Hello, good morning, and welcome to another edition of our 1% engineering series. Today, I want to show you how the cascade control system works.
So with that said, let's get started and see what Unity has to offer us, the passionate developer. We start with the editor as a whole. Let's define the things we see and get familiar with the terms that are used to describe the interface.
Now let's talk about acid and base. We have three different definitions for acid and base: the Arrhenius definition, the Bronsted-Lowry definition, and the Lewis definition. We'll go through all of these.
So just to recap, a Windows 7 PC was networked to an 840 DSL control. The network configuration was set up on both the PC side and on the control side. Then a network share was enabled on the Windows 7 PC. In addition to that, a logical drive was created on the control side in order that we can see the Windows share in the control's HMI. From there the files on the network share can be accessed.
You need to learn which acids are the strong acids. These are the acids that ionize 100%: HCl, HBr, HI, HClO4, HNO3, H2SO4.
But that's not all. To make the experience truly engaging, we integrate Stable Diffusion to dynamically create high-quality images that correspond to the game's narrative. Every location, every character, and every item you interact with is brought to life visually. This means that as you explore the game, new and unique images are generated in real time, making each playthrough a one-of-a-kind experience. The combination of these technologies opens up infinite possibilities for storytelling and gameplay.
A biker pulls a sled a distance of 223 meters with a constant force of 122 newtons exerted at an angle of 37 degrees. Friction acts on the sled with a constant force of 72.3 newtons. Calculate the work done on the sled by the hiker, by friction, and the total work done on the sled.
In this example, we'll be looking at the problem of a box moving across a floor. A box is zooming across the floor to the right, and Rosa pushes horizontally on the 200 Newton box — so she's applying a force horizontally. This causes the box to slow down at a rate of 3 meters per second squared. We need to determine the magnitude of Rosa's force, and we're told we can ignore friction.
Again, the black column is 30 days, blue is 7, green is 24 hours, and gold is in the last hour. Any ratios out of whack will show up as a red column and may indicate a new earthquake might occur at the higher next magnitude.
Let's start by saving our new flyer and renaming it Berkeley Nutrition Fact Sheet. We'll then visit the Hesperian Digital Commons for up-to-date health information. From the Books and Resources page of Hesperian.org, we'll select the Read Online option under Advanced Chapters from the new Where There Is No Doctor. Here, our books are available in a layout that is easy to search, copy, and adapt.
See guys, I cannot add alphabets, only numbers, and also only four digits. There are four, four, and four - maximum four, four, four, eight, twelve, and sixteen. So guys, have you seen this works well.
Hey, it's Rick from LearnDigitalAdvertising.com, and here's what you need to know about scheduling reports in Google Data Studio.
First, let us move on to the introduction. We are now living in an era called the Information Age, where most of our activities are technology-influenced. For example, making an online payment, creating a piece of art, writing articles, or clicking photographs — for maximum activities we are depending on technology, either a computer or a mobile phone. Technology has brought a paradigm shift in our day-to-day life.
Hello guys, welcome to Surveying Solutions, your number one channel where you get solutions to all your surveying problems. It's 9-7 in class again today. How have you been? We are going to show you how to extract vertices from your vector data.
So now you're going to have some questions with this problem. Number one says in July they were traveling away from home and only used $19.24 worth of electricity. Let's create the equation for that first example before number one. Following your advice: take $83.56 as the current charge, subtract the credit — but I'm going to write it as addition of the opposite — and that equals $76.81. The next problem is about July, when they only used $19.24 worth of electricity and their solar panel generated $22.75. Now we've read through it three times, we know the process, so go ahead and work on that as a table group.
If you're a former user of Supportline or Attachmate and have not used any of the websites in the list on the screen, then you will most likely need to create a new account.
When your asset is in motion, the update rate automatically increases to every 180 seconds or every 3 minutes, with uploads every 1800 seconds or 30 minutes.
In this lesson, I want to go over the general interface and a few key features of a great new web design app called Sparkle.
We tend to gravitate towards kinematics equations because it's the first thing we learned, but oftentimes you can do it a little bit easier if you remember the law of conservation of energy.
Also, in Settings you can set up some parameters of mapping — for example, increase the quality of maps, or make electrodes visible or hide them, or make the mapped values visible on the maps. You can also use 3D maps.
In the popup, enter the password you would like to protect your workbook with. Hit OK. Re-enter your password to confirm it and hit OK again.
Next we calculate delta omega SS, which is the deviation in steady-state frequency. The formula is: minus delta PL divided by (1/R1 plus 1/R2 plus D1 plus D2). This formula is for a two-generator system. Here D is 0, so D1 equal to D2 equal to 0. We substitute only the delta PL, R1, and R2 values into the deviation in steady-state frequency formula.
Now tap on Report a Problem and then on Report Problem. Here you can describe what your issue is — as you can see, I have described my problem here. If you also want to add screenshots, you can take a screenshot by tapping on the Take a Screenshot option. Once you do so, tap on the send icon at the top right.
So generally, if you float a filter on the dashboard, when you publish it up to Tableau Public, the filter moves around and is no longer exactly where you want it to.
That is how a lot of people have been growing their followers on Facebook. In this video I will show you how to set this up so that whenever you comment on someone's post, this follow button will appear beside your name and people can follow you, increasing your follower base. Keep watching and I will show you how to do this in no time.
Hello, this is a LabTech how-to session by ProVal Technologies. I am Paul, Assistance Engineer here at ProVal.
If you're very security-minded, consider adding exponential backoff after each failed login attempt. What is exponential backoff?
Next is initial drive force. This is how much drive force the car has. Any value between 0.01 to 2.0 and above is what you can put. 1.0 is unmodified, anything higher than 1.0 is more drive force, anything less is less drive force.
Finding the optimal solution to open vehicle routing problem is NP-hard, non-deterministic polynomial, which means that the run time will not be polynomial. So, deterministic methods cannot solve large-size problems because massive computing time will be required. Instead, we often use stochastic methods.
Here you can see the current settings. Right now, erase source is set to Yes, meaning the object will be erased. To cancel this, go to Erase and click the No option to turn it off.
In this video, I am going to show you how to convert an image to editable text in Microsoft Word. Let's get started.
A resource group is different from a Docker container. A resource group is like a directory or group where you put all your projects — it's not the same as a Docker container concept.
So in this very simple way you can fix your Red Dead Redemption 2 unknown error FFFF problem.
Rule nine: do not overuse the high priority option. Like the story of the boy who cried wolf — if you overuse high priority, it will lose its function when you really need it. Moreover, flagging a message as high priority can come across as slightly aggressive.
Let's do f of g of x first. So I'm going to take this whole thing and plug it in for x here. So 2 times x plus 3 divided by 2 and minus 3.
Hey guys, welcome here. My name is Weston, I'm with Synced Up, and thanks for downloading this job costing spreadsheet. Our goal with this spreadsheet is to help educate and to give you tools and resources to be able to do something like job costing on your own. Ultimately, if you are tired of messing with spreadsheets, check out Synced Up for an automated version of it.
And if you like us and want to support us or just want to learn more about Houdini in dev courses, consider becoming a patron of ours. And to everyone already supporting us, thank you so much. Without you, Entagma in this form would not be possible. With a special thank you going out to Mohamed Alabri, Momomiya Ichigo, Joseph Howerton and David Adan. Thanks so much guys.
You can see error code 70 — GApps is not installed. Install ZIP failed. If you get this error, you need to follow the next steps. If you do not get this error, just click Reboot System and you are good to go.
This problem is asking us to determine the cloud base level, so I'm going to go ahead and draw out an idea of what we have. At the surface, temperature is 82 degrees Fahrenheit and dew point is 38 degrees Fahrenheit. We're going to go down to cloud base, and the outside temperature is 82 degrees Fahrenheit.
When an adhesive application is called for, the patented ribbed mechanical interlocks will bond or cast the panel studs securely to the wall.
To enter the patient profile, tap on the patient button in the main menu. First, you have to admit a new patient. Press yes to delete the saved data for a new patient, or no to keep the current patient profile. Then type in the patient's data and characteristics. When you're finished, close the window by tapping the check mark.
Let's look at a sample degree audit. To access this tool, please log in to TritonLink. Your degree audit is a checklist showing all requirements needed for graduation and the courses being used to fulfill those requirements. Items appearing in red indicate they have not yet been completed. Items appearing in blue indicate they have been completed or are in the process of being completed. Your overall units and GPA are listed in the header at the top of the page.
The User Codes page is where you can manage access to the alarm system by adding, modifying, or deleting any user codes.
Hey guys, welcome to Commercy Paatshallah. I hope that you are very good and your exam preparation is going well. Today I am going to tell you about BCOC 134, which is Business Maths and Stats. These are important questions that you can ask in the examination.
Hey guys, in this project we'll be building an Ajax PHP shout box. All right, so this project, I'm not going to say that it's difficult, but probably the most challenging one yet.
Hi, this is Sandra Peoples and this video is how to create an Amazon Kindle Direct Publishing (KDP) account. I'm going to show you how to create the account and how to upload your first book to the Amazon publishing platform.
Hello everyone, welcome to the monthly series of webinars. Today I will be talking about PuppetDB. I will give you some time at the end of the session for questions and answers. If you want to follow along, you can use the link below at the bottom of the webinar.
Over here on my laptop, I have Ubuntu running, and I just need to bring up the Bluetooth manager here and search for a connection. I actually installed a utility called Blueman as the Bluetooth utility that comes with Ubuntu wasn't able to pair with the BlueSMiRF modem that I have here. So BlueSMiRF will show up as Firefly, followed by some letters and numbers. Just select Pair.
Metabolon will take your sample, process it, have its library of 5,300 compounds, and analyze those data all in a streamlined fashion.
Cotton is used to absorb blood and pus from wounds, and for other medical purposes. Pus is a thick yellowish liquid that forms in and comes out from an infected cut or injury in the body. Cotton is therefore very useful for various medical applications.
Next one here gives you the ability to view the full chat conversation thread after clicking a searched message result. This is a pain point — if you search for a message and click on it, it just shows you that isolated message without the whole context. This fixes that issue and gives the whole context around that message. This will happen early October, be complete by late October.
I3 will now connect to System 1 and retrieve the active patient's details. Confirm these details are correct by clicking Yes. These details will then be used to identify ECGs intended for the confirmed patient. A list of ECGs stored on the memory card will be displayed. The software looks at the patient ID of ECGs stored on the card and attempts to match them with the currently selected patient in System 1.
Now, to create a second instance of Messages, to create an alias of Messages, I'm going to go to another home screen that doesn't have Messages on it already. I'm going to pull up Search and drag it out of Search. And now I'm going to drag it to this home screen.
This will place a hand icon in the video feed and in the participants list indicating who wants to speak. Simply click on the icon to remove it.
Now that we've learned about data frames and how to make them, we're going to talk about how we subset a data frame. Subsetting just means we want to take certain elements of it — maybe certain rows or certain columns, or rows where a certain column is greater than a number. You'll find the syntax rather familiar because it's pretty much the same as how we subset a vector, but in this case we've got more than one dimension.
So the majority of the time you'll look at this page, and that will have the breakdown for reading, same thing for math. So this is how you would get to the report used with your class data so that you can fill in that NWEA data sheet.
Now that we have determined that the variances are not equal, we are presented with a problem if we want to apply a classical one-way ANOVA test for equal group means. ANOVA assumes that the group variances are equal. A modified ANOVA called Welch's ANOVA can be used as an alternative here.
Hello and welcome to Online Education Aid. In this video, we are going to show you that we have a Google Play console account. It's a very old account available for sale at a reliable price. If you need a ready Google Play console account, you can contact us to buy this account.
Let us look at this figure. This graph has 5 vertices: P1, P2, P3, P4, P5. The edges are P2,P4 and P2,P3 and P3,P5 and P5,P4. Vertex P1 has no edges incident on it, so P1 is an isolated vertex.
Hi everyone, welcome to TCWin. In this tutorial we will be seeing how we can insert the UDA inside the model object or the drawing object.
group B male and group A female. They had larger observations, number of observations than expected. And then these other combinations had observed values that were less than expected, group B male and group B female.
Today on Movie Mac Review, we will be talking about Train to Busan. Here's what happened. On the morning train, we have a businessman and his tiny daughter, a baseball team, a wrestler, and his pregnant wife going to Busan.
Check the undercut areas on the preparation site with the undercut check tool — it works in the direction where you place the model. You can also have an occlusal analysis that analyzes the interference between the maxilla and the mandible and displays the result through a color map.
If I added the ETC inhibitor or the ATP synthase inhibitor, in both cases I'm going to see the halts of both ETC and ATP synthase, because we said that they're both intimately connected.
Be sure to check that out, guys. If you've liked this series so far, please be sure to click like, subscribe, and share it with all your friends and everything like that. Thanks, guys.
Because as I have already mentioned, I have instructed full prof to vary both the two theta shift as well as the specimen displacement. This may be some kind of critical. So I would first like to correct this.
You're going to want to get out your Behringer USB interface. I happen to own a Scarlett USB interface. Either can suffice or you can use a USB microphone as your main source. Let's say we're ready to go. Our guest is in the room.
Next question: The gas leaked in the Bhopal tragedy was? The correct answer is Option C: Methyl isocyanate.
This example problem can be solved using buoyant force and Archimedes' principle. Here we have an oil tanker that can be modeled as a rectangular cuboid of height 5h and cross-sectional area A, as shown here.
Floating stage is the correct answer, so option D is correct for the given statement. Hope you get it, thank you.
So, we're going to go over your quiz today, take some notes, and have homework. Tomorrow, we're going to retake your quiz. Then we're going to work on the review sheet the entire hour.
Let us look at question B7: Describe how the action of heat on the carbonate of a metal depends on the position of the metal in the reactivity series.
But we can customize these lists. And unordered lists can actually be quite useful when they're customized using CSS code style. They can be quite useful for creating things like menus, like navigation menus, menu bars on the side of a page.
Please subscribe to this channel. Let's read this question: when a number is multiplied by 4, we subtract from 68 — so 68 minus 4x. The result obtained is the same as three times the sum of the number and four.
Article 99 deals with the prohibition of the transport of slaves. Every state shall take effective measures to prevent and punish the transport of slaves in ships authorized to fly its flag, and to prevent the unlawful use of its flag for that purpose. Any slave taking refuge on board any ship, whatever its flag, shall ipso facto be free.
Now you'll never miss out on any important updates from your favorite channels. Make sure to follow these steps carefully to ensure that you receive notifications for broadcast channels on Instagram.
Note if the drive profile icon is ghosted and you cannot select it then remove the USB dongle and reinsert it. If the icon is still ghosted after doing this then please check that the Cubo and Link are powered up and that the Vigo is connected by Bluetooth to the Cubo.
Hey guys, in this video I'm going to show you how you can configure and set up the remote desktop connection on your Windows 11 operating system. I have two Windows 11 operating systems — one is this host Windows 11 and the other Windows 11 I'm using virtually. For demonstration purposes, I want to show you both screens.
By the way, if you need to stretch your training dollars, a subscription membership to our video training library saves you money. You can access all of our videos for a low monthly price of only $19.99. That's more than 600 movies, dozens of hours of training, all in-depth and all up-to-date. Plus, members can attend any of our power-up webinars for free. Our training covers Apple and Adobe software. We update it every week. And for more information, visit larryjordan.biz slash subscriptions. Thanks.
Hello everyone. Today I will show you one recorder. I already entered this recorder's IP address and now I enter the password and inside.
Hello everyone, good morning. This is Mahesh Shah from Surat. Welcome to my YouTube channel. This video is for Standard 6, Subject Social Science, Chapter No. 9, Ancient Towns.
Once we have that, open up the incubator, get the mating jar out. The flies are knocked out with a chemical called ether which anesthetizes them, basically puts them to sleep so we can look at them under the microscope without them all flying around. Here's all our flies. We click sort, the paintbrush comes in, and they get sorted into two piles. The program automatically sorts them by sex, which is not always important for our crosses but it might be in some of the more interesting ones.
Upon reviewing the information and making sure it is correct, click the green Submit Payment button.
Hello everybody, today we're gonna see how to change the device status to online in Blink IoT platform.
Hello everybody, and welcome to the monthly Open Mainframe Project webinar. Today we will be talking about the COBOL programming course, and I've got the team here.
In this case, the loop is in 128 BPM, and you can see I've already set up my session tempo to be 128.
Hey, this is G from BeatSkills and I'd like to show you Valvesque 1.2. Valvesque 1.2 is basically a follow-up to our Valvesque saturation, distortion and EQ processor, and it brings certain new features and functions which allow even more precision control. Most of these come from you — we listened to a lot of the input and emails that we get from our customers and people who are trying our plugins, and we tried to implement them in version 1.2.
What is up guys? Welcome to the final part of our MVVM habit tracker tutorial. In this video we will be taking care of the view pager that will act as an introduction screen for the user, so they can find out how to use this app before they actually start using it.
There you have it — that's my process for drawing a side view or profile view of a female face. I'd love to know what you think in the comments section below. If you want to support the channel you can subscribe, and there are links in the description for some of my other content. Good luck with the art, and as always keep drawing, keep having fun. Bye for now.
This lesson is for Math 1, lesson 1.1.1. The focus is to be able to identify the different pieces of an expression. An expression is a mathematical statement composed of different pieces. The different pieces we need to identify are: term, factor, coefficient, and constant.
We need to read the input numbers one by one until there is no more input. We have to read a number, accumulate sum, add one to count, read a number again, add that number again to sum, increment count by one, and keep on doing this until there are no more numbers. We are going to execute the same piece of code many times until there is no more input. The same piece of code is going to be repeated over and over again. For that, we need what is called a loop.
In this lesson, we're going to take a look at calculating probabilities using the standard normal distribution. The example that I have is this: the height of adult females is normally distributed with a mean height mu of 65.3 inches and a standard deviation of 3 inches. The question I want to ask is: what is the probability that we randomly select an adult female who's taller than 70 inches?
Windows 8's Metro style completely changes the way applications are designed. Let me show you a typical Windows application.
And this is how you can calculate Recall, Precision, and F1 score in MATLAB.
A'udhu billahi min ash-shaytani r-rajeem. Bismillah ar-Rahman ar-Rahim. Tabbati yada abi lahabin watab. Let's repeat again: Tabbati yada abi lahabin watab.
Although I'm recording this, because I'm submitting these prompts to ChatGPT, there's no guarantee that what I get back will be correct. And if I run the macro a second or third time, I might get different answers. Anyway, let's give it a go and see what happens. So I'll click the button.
....
**What the task requires:**
In the listing above, locate the line containing "Hello and welcome" and the line containing "Today on Movie", then transcribe both and every line between them verbatim.

**Task solution:**
Hello and welcome to Online Education Aid. In this video, we are going to show you that we have a Google Play console account. It's a very old account available for sale at a reliable price. If you need a ready Google Play console account, you can contact us to buy this account.
Let us look at this figure. This graph has 5 vertices: P1, P2, P3, P4, P5. The edges are P2,P4 and P2,P3 and P3,P5 and P5,P4. Vertex P1 has no edges incident on it, so P1 is an isolated vertex.
Hi everyone, welcome to TCWin. In this tutorial we will be seeing how we can insert the UDA inside the model object or the drawing object.
group B male and group A female. They had larger observations, number of observations than expected. And then these other combinations had observed values that were less than expected, group B male and group B female.
Today on Movie Mac Review, we will be talking about Train to Busan. Here's what happened. On the morning train, we have a businessman and his tiny daughter, a baseball team, a wrestler, and his pregnant wife going to Busan.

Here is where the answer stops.